The FCC's new Notice asks the public to comment on:
- Whether "the available scientific evidence is sufficient to demonstrate that communications towers are having a significant impact on migratory birds."
- To what extent, if at all, the Migratory Bird Treaty Act (MBTA) gives the FCC authority to act on the matter, assuming the agency concludes that the problem exists.
- Whether certain technologies, such as medium intensity white strobe lights, could mitigate bird collisions, presumably by scaring birds away from the towers.
- If the FCC should require telcos that apply for tower applications to prepare an environmental assessment "if a proposed tower or antenna facility may affect migratory birds."
The Commission launched the notice at its Friday November 3rd Open Meeting. FCC Commissioner Robert M. McDowell urged the agency to tackle the issue "while not unduly hampering the ability of industry to deliver new, advanced services to American consumers as quickly and economically as possible."
Commissioner Michael Copps chided the FCC for its delay in acting on the dilemma.
"Put bluntly, for too many years this agency treated a widely-recognized problem with not-so-benign neglect," Copps stated. "Now we have learned, I hope, that this is not a problem that will just go away if we ignore it."

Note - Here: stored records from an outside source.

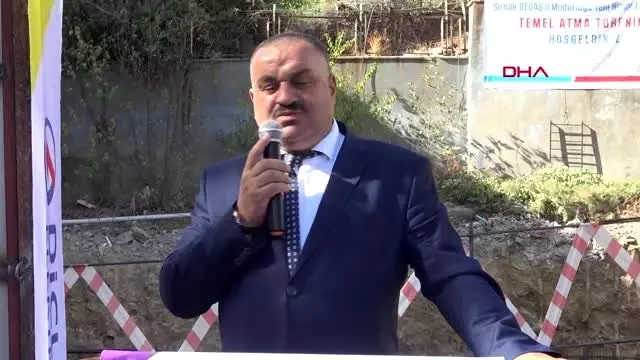 Şırnak'ta dedaş binasının temeli dualarla atıldı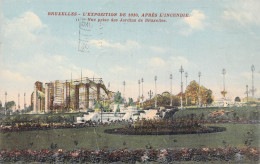 BELGIQUE - Exposition De Bruxelles 1910 Après L'incendie - Vue Prise Des Jardins De Bruxelles - Carte Postale Ancienne - Weltausstellungen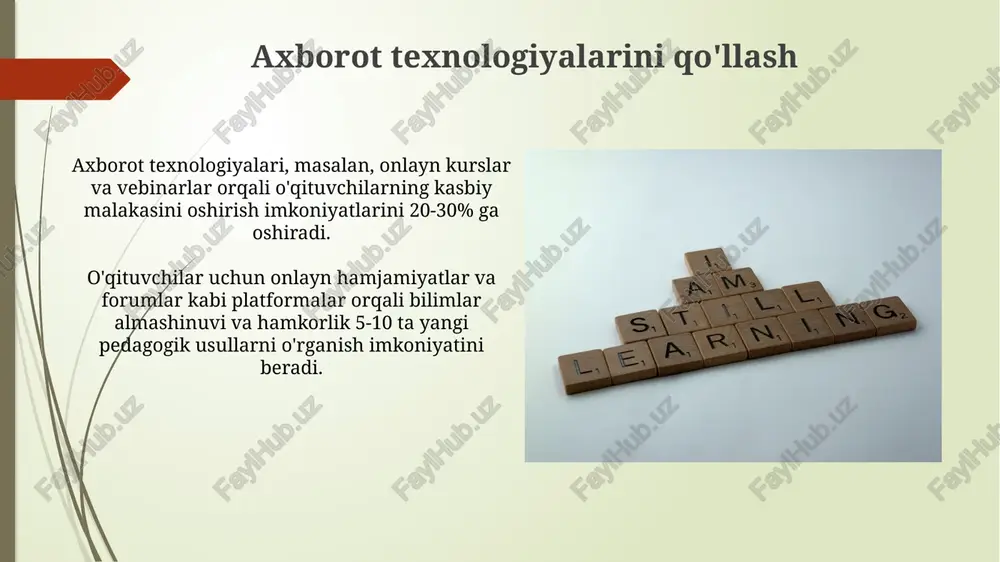 zamonaviy pedagogik texnologiyalar - Page 5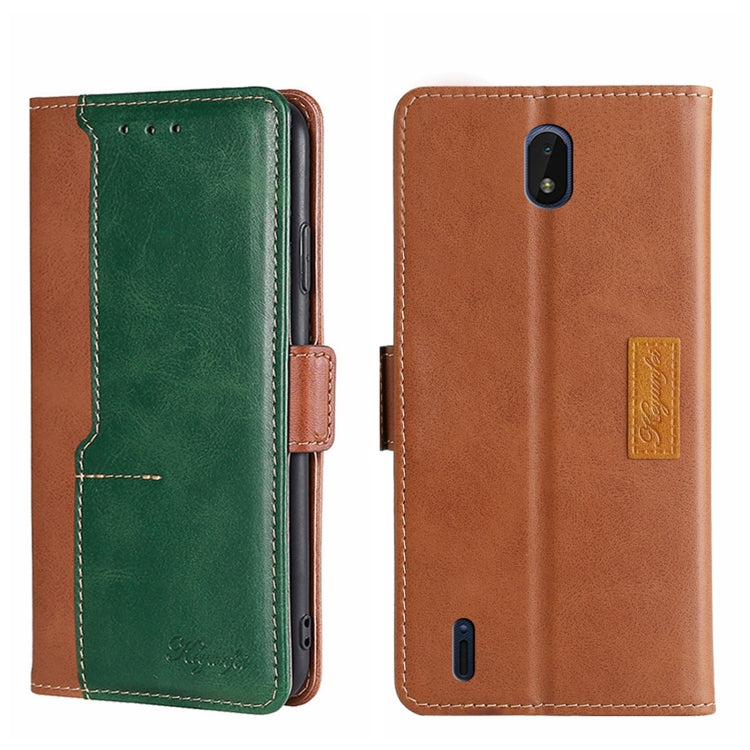 Contrast Color Side Buckle Leather Phone Case, For Nokia C01 Plus/C1 2nd Editon, For Nokia C21, For Nokia C21 Plus, For Sony Xperia ACE II, For Sony Xperia Pro-I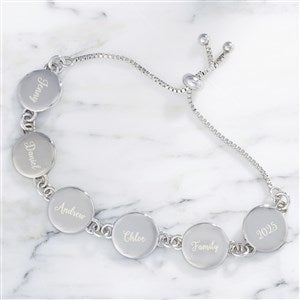 Family Connections Personalized Round Bolo Bracelet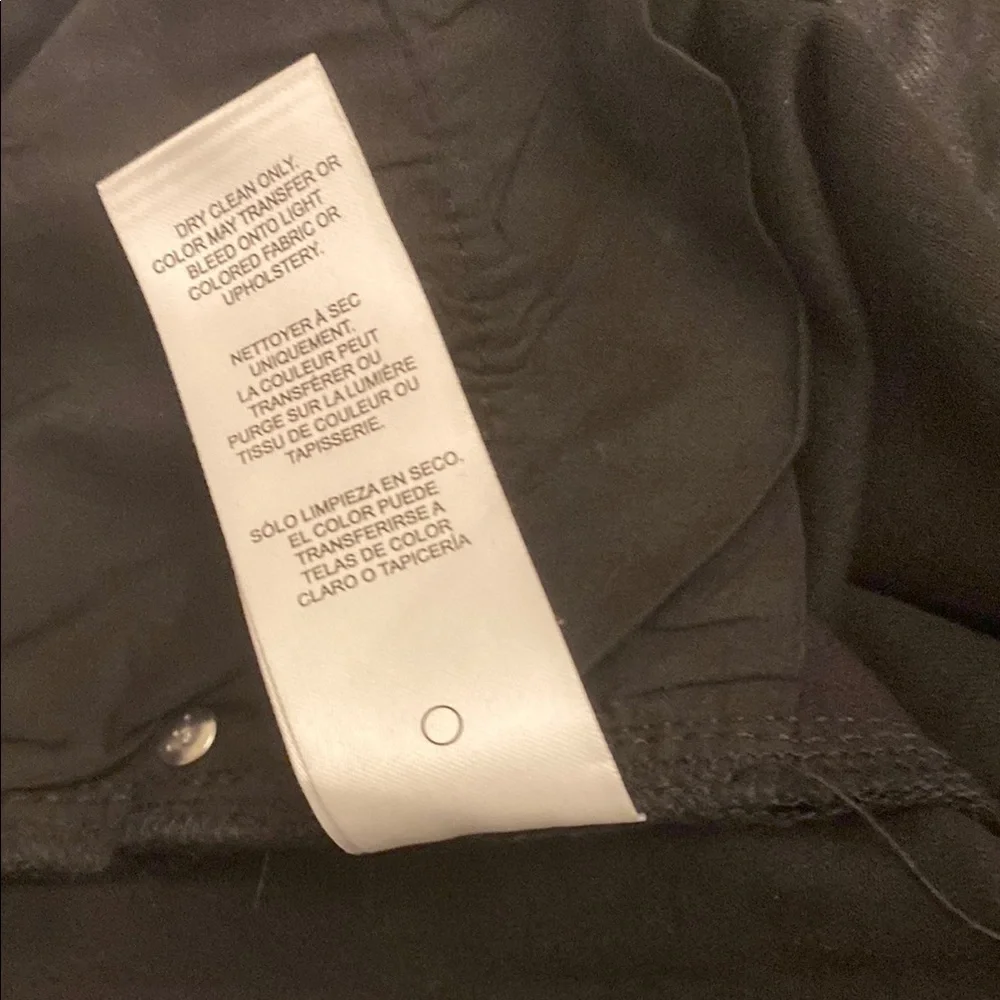 Frame Le Mini Boot in Noir Coated Black Bootcut Stretch Jeans 32 - Picture 15 of 15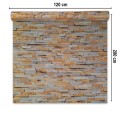 Rola panou autoadeziv, Naimeed D7380, design modern, 2.5mm grosime, 120x280cm, Maro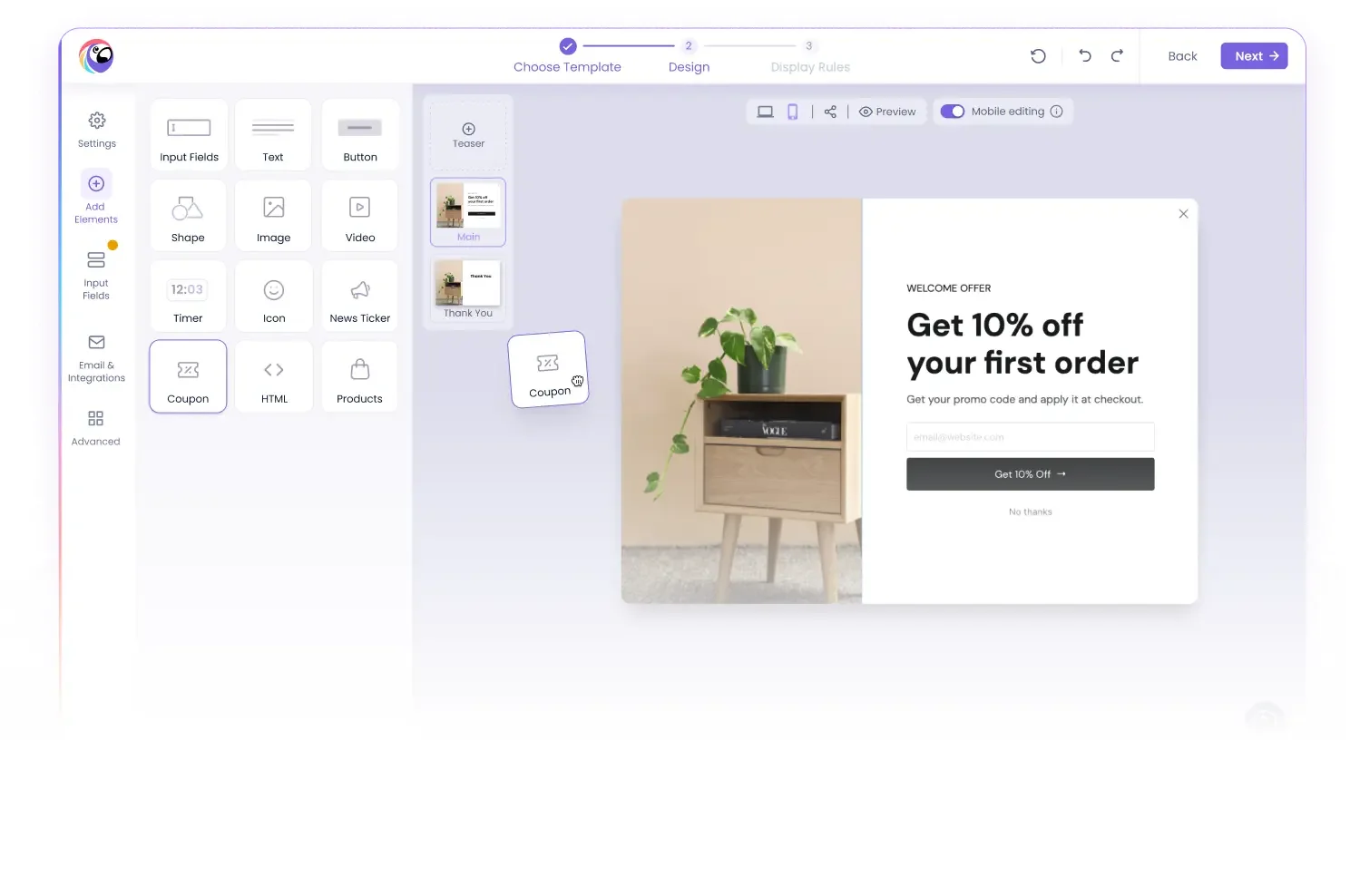 Form Builder Elements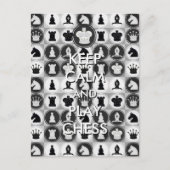 Kalm houden en Chess afspelen Briefkaart (Voorkant)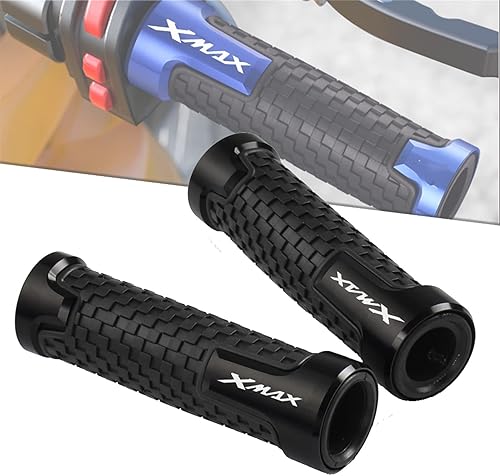 Miniatura 5 de Motorcycle for Y&AMAHA Xmax 125 250 300 400 Motorcycle Handlebar Grips Racing Handle Grips Aluminium Comfortable Soft Rubber Hand Bar Grip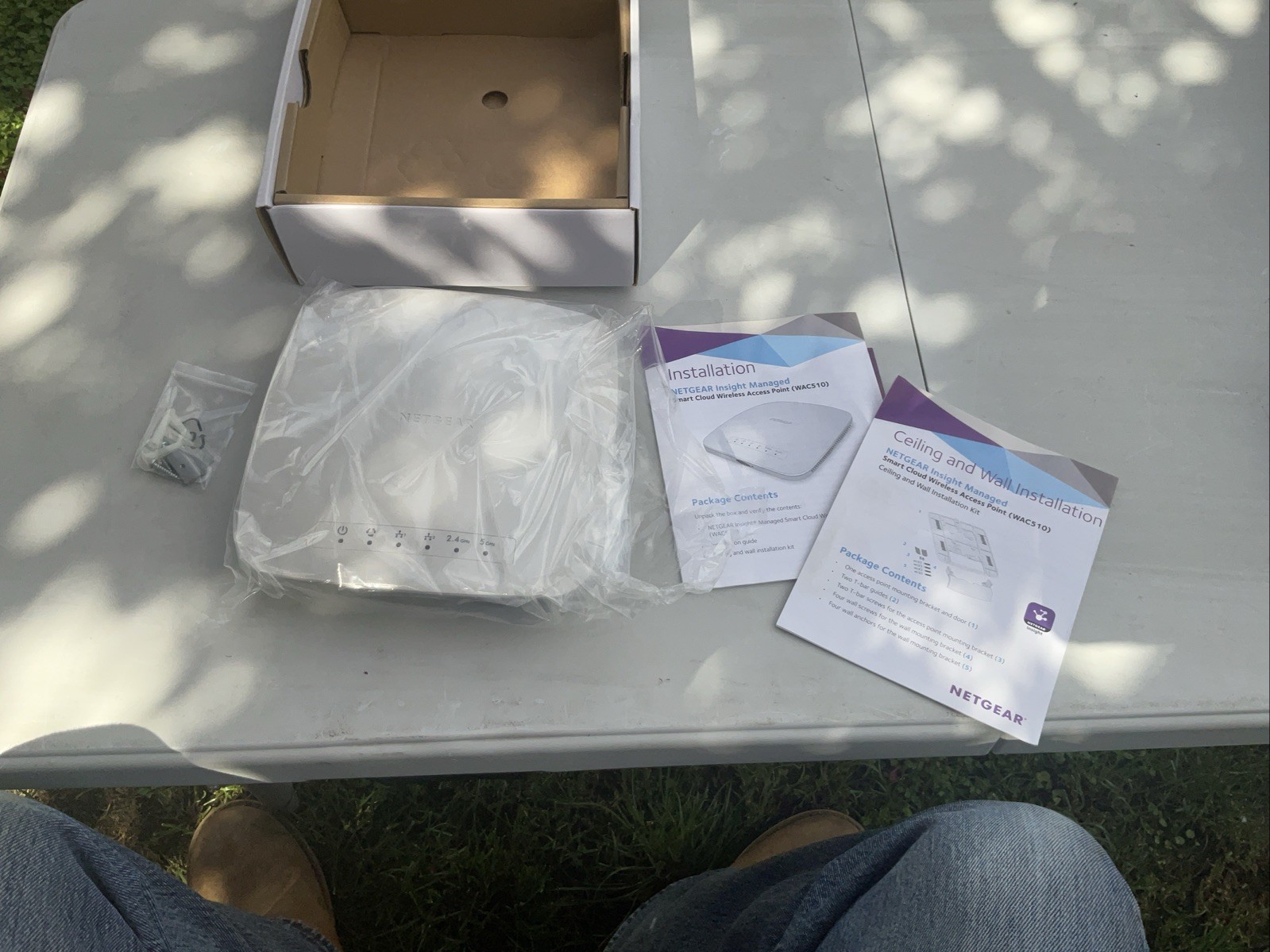 NETGEAR Insight Managed Smart Cloud Wirelesss Access Point WAC510 802.11ac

The FCC first invited public comment on this issue in response to a petition brought before the agency by the Forest Preservation Council, the American Bird Conservancy, and the Friends of the Earth in 2002. The three groups asked for a moratorium on new transmitter tower construction until the completion of an environmental review.
In response the agency issued a Notice of Inquiry on the matter, which the petitioners described as inadequate to what they called an emergency situation.
"There are no time limits for the completion of the NOI and no proposed actions to benefit birds and prevent the annual killing of millions of birds," their response to the NOI, filed in November of 2003, charged. "The NOI could proceed indefinitely, thus providing another convenient excuse to continue the FCC's years of delays in addressing the killing of millions of migratory birds at towers."